Nella raffinazione, infatti, lo zucchero bianco subisce una serie di processi chimici che lo privano di tutti i sali minerali e vitamine, con il risultato che il prodotto finale non è altro che 100% saccarosio, il quale viene utilizzato dal nostro organismo solo per produrre energia, senza apportare quindi altre sostanze nutritive.

Lo zucchero bianco che tutti noi usiamo ogni giorno per dolcificare le nostre bevande, aumenta notevolmente la produzione di insulina, il che crea un brusco calo di glucosio, con la conseguenza che si sarà molto invogliati nel mangiare altri dolci, per ripristinare la giusta quantità di glucosio nel sangue. Un ciclo senza fine quindi che spesso sfocia nel diabete e nel sovrappeso.

Molto diffusi risultano essere il fruttosio, uno zucchero semplice di rapido assorbimento, tuttavia il suo unico beneficio è quello di avere un potere dolcificante maggiore rispetto al saccarosio, che fa quindi sí che se ne consumi di meno; anche il miele, pur essendo un alimento ottimo dal punto di vista nutrizionale, in termini di calorie è pressappoco simile allo zucchero bianco, e va quindi usato con moderazione; gli sciroppi di agave o acero, dolcificanti naturali caratterizzati da proprietà nutritive molto soddisfacenti, con alte dosi di potassio, magnesio, e ferro, presentano però un potere dolcificante molto basso ed hanno un sapore non molto gradevole che non li rende molto adatti all’uso in bevande come un cappuccino o un caffè espresso.

Ad oggi il migliore in commercio risulta essere lo zucchero di canna integrale: quasi mai disponibile nei bar, dove invece si trovano le bustine con la dicitura ‘zucchero di canna’, il quale pressappoco indica un prodotto non definito, spesso semplicemente zucchero bianco colorato, o saccarosio con l’aggiunta di caramello.

Quello integrale ha invece una consistenza più umida, i granelli sono più fini, il colore è scuro e il sapore é molto deciso e gradevole. Se si ha perciò in previsione di consumare la propria colazione al bar, si consiglia di portarlo magari da casa, proprio perché i locali ne sono in gran parte ancora sprovvisti.

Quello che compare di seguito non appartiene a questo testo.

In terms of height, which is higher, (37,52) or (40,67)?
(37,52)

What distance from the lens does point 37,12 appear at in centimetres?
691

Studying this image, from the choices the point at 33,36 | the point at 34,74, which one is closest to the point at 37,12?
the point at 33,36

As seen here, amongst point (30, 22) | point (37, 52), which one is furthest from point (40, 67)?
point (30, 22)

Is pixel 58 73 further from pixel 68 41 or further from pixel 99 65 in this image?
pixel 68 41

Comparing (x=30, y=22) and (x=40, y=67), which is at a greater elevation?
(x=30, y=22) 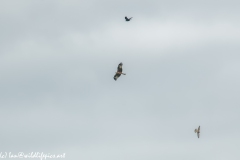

Da questo si evince che la colazione al bar non necessariamente è sinonimo di scelte alimentari sbagliate, ma se affrontata con consapevolezza e attenzione, ci accorgeremo che le opzioni dietetiche sono davvero tante. Prendersi il giusto tempo, facendo colazione con calma, svegliandosi un po’ prima se necessario non può che avere effetti benefici sul nostro organismo: ascoltiamo quindi il nostro corpo, non pensando solo ad alimentarlo, ma piuttosto a nutrirlo.

L’alimentazione quotidiana è infatti il risultato di una colazione equilibrata: fornire quindi al nostro corpo tutti i nutrienti di cui ha bisogno già dal primo mattino, porterà inoltre benefici a livello psicologico, alleviando lo stress e l’ansia, i cali de energia e i fastidiosi mal di testa, oltre a placare il nervosismo e gli annessi problemi digestivi.